Summary of how null and alternative hypotheses are stated:
- If $ H_0 $ is $ = \mu $ or $ = p $ then $ H_a $ is $ \neq \mu $ or $ \neq p $
- If $ H_0 $ is $ \le \mu $ or $ \le p $ then $ H_a $ is $ \gt \mu $ or $ \gt p $
- If $ H_0 $ is $ \ge \mu $ or $ \ge p $ then $ H_a $ is $ \lt \mu $ or $ \lt p $

Where:
- ($ \mu $) is the population mean
- ($ p $) is the population proportion



---

## Type I and Type II Errors

**Type I error**, or **false positive**, is to reject a null hypothesis that is actually true and accept an alternative hypothesis that is actually false.

**Type II error**, or **false negative**, is to accept a null hypothesis that is actually false and reject an alternative hypothesis that is actually true.

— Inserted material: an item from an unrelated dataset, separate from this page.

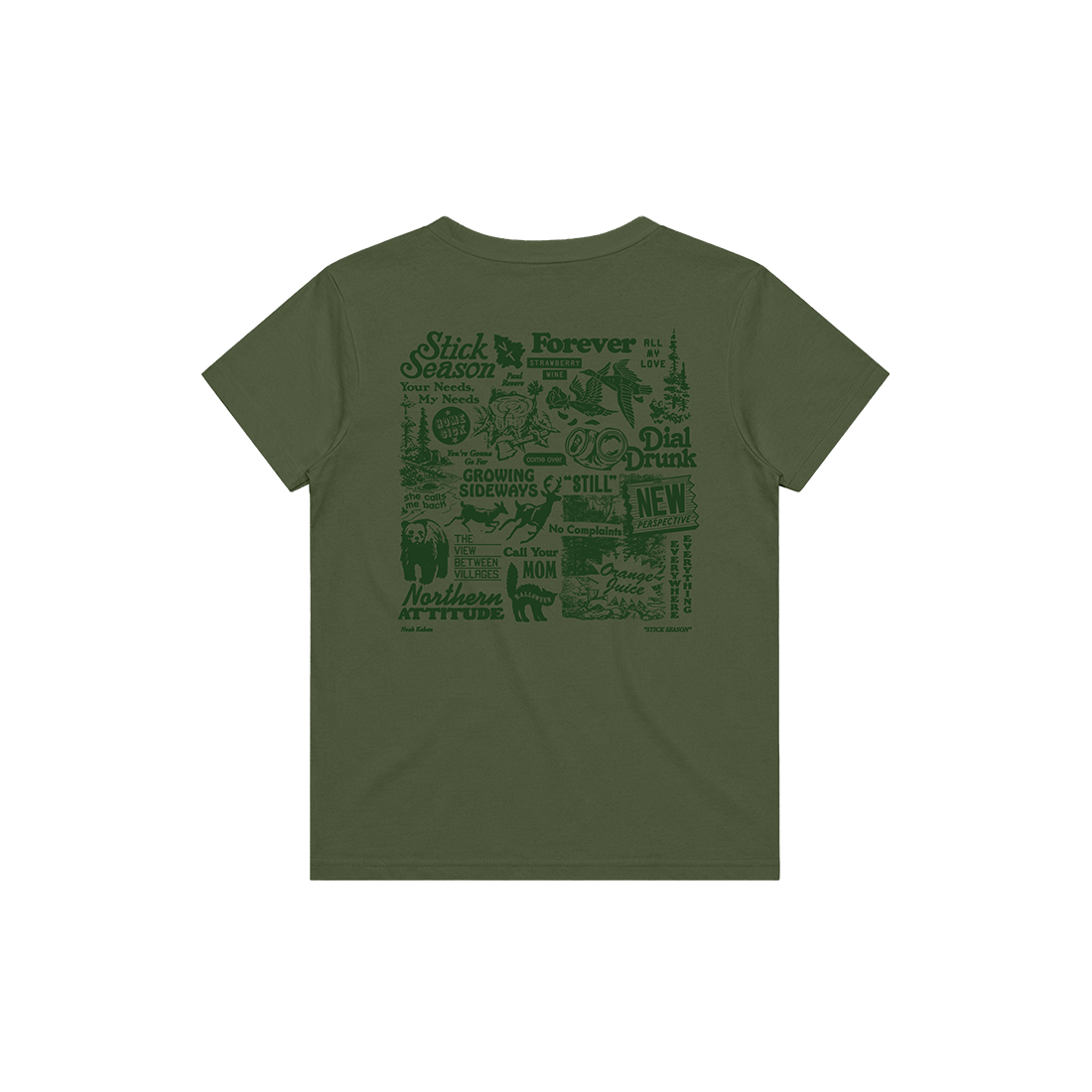 Stick Season Forever Tee Back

$ \alpha $, or level of significance, is the probability of making a Type I error.
$ \beta $ is the probabilityh of making a Type II error.

The **power** of a hypothesis test is the probability that the null hypothesis will be rejected when it is false. The power is $ 1 - \beta $ .

The higher the confidence level the lower the $ \alpha $, which means that confidence interval will be larger and the margin of error will be larger, but the probability of making a Type I error will be smaller.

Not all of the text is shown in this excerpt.